Karardan anlaşılacağı gibi 4. Daire, mahkemenin vergi idaresi yerine geçerek yerindelik denetimi yapamayacağına, idarenin yaptığı tarhiyatın hukuka uygun olduğuna hükmetmişti.

Danıştay Dava Daireleri Kurulu’nun kararları

 DVDDK’nın bu konuda iki farklı görüşü vardır.  DVDK bir uyuşmazlıkta, “Davacı tarafından daha önce vergi idaresine ibrazdan kaçınılmış faturaların gerçekten yapılmış bir teslime dayandığı ya da aksi yönde bir belge olduğu konusundaki saptamaya bağlı olduğu gibi böyle bir saptama ancak, vergi idaresi tarafından yapılabileceğinden, vergi mahkemesine sunulan defter ve belgeler hakkında vergi idaresinin bilgi ve tespitlerine başvurulması gereklidir.” şeklinde ve oy çokluğuyla karar vermiştir “ DVDDK’nın, 22.01.2010 tarih ve E.2008/882, K.2010/10 .”

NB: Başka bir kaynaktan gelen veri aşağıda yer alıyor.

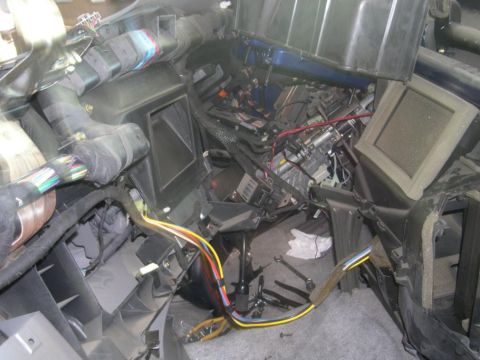 2007 Ford Mustang - The interior of a vehicle is shown with the dashboard removed, revealing complex wiring and internal components.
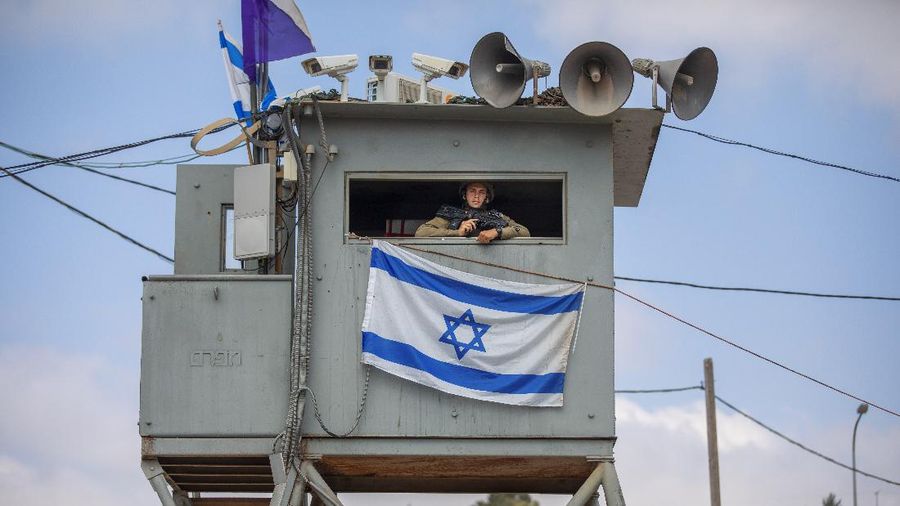 An Israeli soldier stands guard at the Tapuach junction next to the West Bank city of Nablus, Tuesday, June 30, 2020. Israeli Prime Minister Benjamin Netanyahu appears determined to carry out his pledge to begin annexing parts of the occupied West Bank, possibly as soon as Wednesday. (AP Photo/Oded Balilty)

DVDK diğer bir kararında şöyle demektedir: “… defter ve belgelerin incelemeye ibraz edilmemesi halinde, mükellefin vergi incelemesinden kaçındığı, bu nedenle defter ve belgelerin artık davacı lehine kanıt niteliğini yitirdiği, vergi mahkemelerinin, vergi dairesinin inceleme ve karşıt inceleme yetkisine dayanılarak tesis edilen işlemin hukuka uygunluğunu denetleyebileceği, idarenin yerine geçerek defter ve belgelerin gerçeğe uygunluğunu inceleyemeyeceğinden yargı yerlerine ibraz edilse dahi davanın reddi gerektiği”   DVDDK’nın, 26.12.2012 tarih ve E.2010/707, K.2012/618.

 VUK’un 3. maddesine göre “B) İspat : Vergilendirmede vergiyi doğuran olay ve bu olaya ilişkin muamelelerin gerçek mahiyeti esastır.” 

VUK’undaki bu açık düzenlemesine ve anayasanın adil yargılanmayı düzenleyen 36. maddesine göre mükelleflerin dava veya temyiz aşamasında kendilerini savunmalarına herhangi bir nedenle engel konulması hukuka aykırıdır. Bu nedenlerle dava veya temyiz aşamasında mahkemeler adil bir karar verebilmek için her türlü delili değerlendirmek durumundadırlar.